Our laboratory (4) and others (7) have generated lines of EndoG null (EndoG−/−) mice that develop to adulthood with no obvious abnormalities and that avoid the embryonic lethality associated with knocking out a portion of an exon that overlaps with another gene of unknown function (30). Unexpectedly, fibroblasts and splenocytes from EndoG−/− mice remain fully vulnerable to chemical activation of extrinsic and intrinsic caspase-dependent and caspase-independent pathways (4, 7). Moreover, the striatum of EndoG−/− mice is not protected from N-methyl-d-aspartate excitotoxicity (4). Thus the functional role of EndoG in neuronal ischemic cell death remains unclear. Using a model of transient focal cerebral ischemia, we tested the hypothesis that infarct volume is reduced in EndoG−/− mice. Because the mechanisms of neuronal ischemic cell death can differ between males and females (29, 35), we studied both sexes.

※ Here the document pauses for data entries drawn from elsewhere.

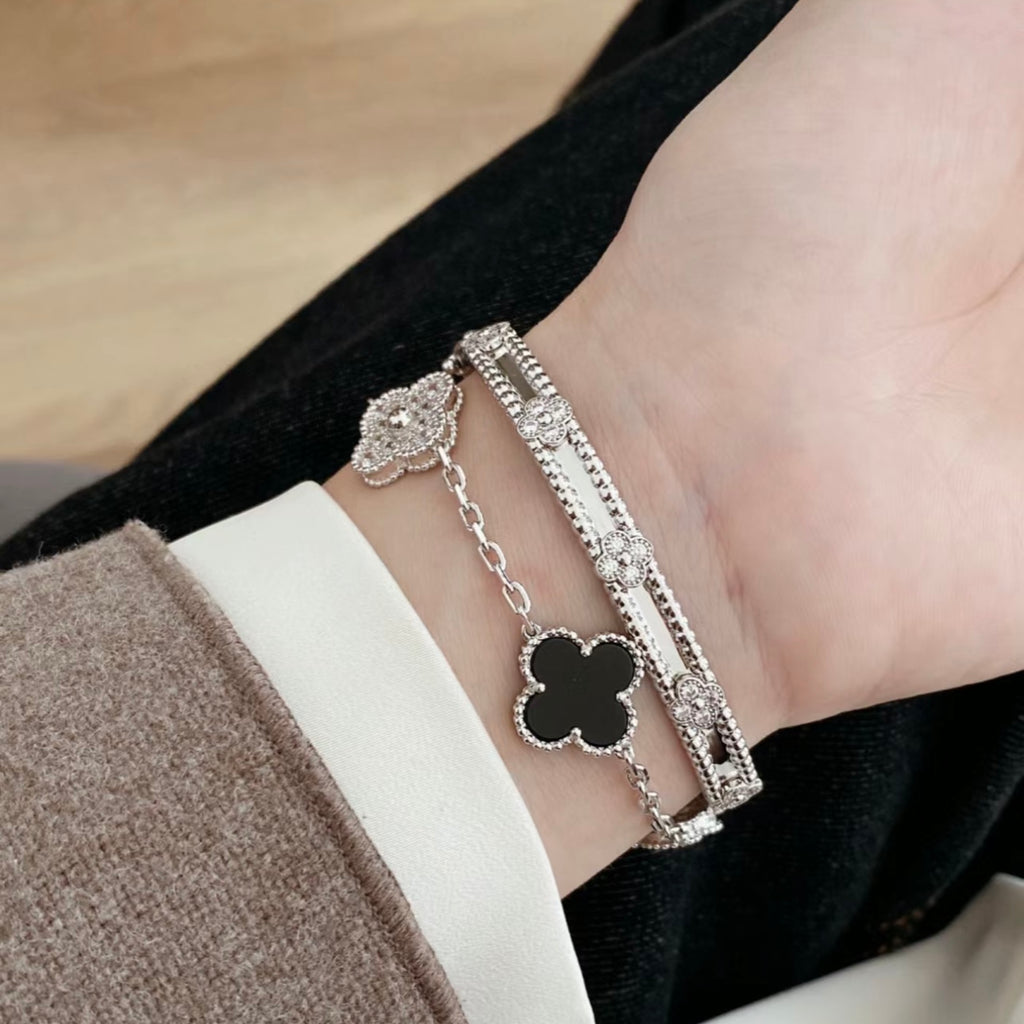 Alhambra Clover Bracelet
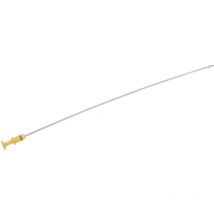 Jauge d'huile moteur de voiture 1174G0 Jauge de niveau d'huile jaune de remplacement pour Citroën C3 C4 C5 ds 3 4 5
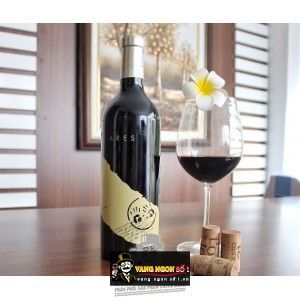 Rượu Vang Úc TWO HANDS ARES SHIRAZ bn2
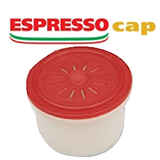 Espresso cap capsules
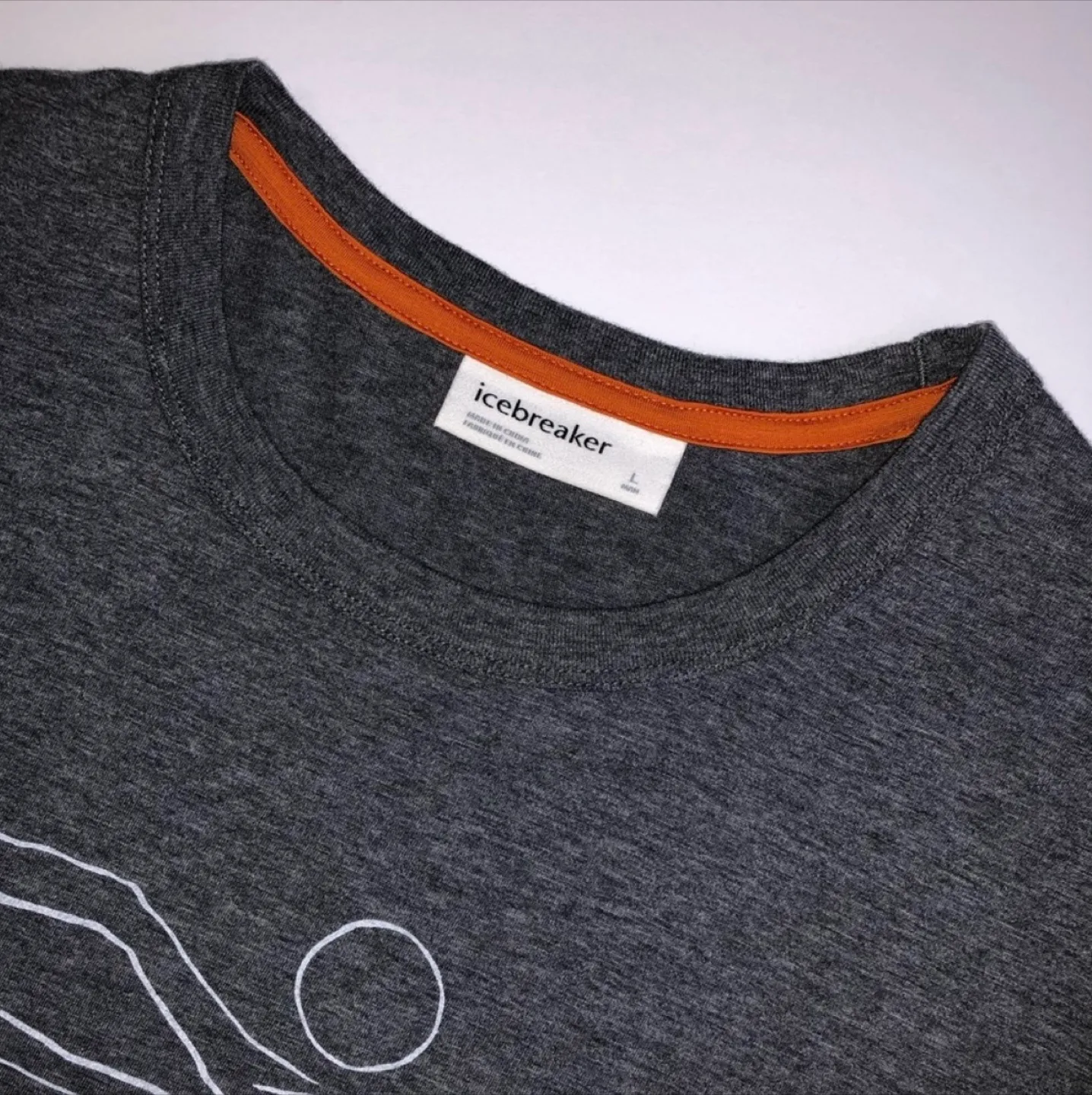 Icebreaker T-shirt image indicator(6)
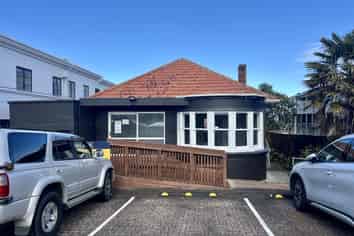 Standalone Grey Lynn Office - 115m2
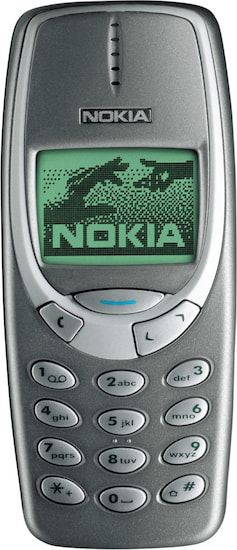 Nokia 3310 (Retro)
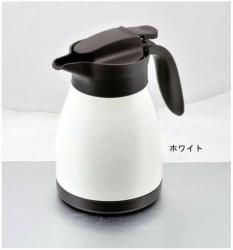 Bình nước giữ nhiệt Table Pot 1.0L - Màu trắng_5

In Caenorhabditis elegans, homologs of EndoG and apoptosis-inducing factor (AIF), another mitochondrial protein that can translocate to the nucleus, appear to cooperate in producing DNA degradation (19, 25). Human EndoG can also form complexes with AIF (9). Activation of poly(ADP-ribose) polymerase (PARP) produces caspase-independent cell death by triggering nuclear translocation of AIF (27, 28). In focal cerebral ischemia, inhibition of PARP or gene deletion of PARP-1 decreases AIF translocation and infarct size (2, 29). Because EndoG is postulated to participate in caspase-independent cell death, it may participate in PARP-mediated ischemic injury, as suggested by in vitro work with oxygen-glucose deprivation (22) and oxidative stress (20). Accordingly, the protection afforded by PARP inhibition may be diminished in the absence of functional EndoG. Therefore, we also tested a second hypothesis that the decrease in infarct volume that is expected to be observed in wild-type (WT) mice receiving a PARP inhibitor will be diminished in EndoG−/− mice treated with a PARP inhibitor. Because protection by a PARP inhibitor is seen in male mice, but not in female mice, subjected to middle cerebral artery (MCA) occlusion (MCAO) (15), this second hypothesis was tested only in male mice. We also determined whether translocation of AIF to the nucleus occurs after MCAO in EndoG−/− mice and whether the pattern of DNA degradation is altered in EndoG−/− mice.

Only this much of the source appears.